Background:  Typical experimental categorizations of treatment responses in bipolar disorder (BPD) patients may have limited relationship to clinical recovery or functional status, and there is inadequate research on such clinically important outcomes.

Methods:  We analyzed data from a study of open continuation of olanzapine treatment following a 3-week placebo-controlled trial involving initially hospitalized adult subjects with DSM-IV BP-I mania to estimate rates and times to symptomatic remission (low scores on standardized symptomatic assessments) and clinical recovery (remission sustained ≥8 weeks), associated clinical factors, and functional outcomes.
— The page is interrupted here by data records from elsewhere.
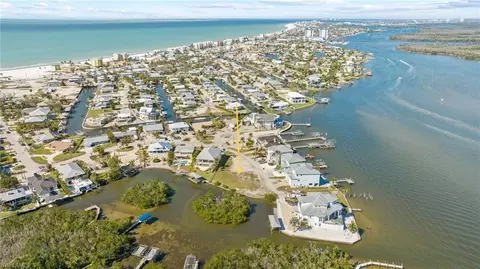 390 Seminole Way, Fort Myers Beach, FL 33931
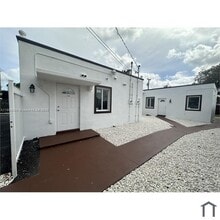 1136 NW 55th St in Miami, FL - Building Photo - Building Photo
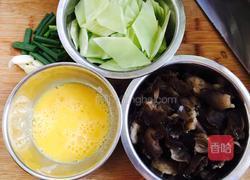 青笋木耳炒鸡蛋的做法图解1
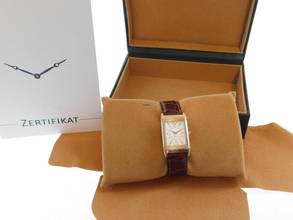 Thumbnail von Jaeger-LeCoultre Reverso Classique Classic Art Deco 18 Karat Rosegold mit Krokoband und original Schließe 18 Karat Rosegold im Top Zustand 23 x 38mm Handaufzug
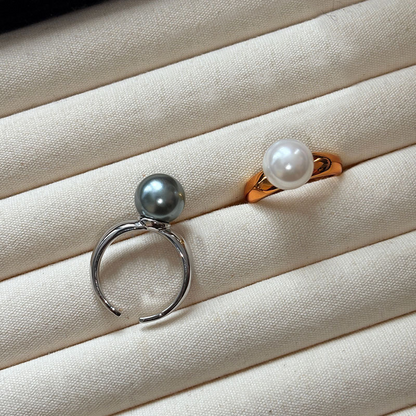 The Timeless Form Pearl Ring
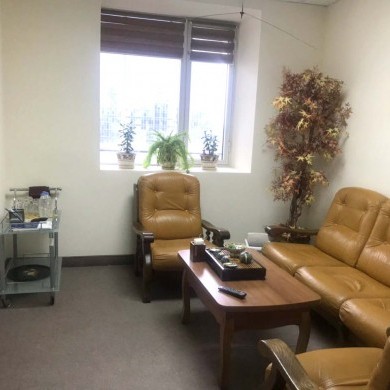 Rent office in the business center with an area of 155 sq m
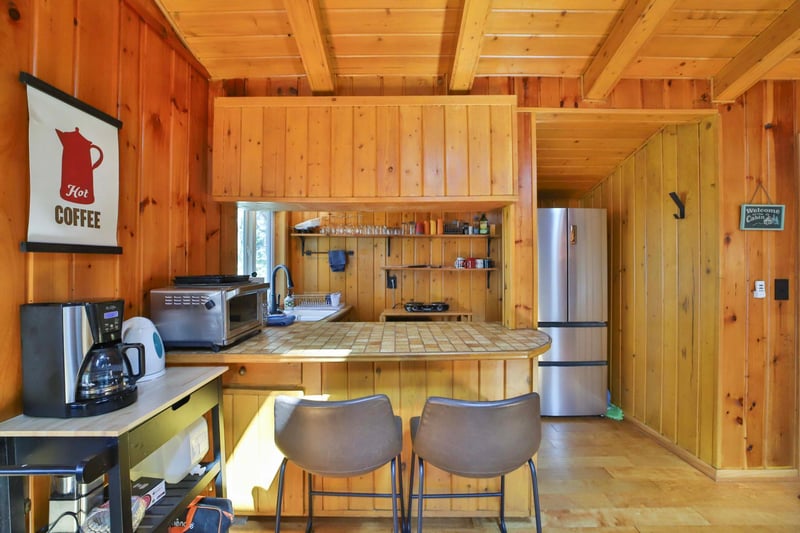 2202 Pine View Blvd, Motley, MN 56466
Results:  During treatment with olanzapine for 27.9 ± 20.1 weeks, symptomatic remission was attained by 70% of subjects, half by 8 weeks (95% CI 6–10) weeks, and later lost by 82% of remitted subjects; remitted (versus non-remitted) subjects had slightly lower baseline clinical global impression scores and greater trial-completion. Sustained clinical recovery was attained by only 40 of 113 (35%) of subjects, half by 36 (95% CI 20–40) weeks, and later lost by 45%. Subjects with above-median (>12) initial Hamilton-Depression rating scale depression scores were half as likely to recover (p = 0.016) and did so much later (36 versus 12 weeks) than those with lower scores. At final assessment, self-rated well being (SF-36 psychosocial functioning scores) improved substantially more among recovered versus non-recovered subjects (mean changes: 87% versus 23%), and two-thirds of recovered subjects remained unemployed-for-pay while half received disability-compensation.

Conclusions:  Clinically meaningful symptomatic remission and recovery in relatively severely ill adult bipolar I manic patients were achieved slowly and sustained by only some patients within an average of 7 months of continuous treatment. These clinically relevant outcomes were worse with relatively high initial dysphoria ratings. Well-being was rated higher by recovered subjects, but their ability to work and live independently were markedly impaired. These findings underscore the emerging view that BPD can often be severe, slow to remit, and disabling, particularly in association with prominent depression-dysphoria symptoms. Improved treatments for BPD are needed, guided by longitudinal assessments of clinically meaningful measures of symptomatic recovery and functional outcome.